GIVEN DATA Block Start

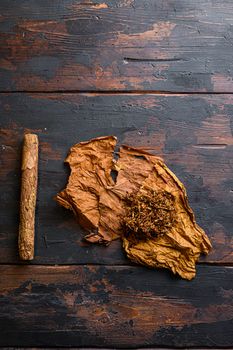 Cut tobacco and tobacco leaves with cigar on background on vintage dark table. overhead shot top view space for text.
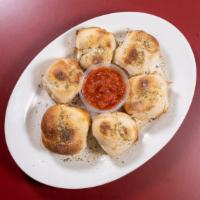 Garlic Knots · Fluffy rolls loaded with tasty garlic. Served with a 4 oz. large side of our marinara sauce.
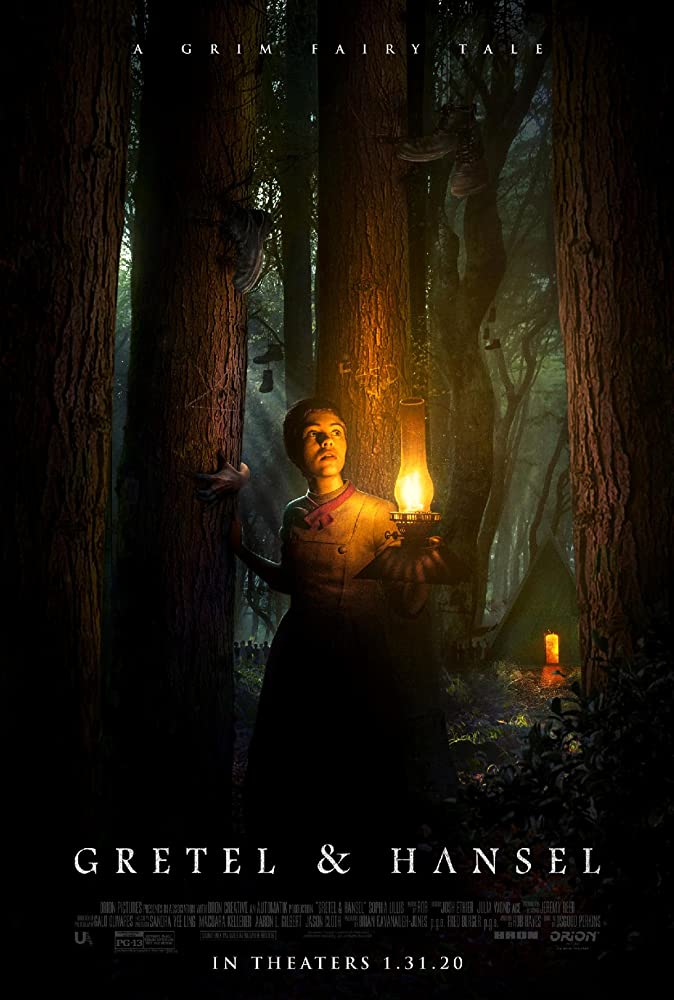 The film poster showing Gretel (Sophie Lillis) walking through the woods with an oil lamp. Shoes are hanging from the trees and a cabin can be seen in the back.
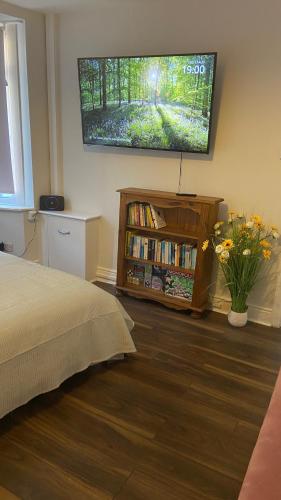 a bedroom with a bed and a flat screen tv on the wall at Bexhill Beautiful Sea Front Bungalow in Bexhill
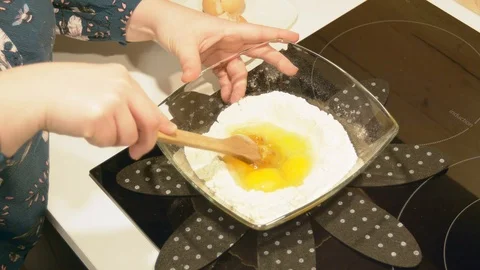 Mixing eggs and flour to prepare French pancake batter. Stock Footage 102410588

GIVEN DATA Block End

WHAT TO WORK ON: Although the records contain pictures, the copy should hold only their text, reproduced exactly.

WRITTEN SOLUTION:
 Cut tobacco and tobacco leaves with cigar on background on vintage dark table. overhead shot top view space for text.
 Garlic Knots · Fluffy rolls loaded with tasty garlic. Served with a 4 oz. large side of our marinara sauce.
 The film poster showing Gretel (Sophie Lillis) walking through the woods with an oil lamp. Shoes are hanging from the trees and a cabin can be seen in the back.
 a bedroom with a bed and a flat screen tv on the wall at Bexhill Beautiful Sea Front Bungalow in Bexhill
 Mixing eggs and flour to prepare French pancake batter. Stock Footage 102410588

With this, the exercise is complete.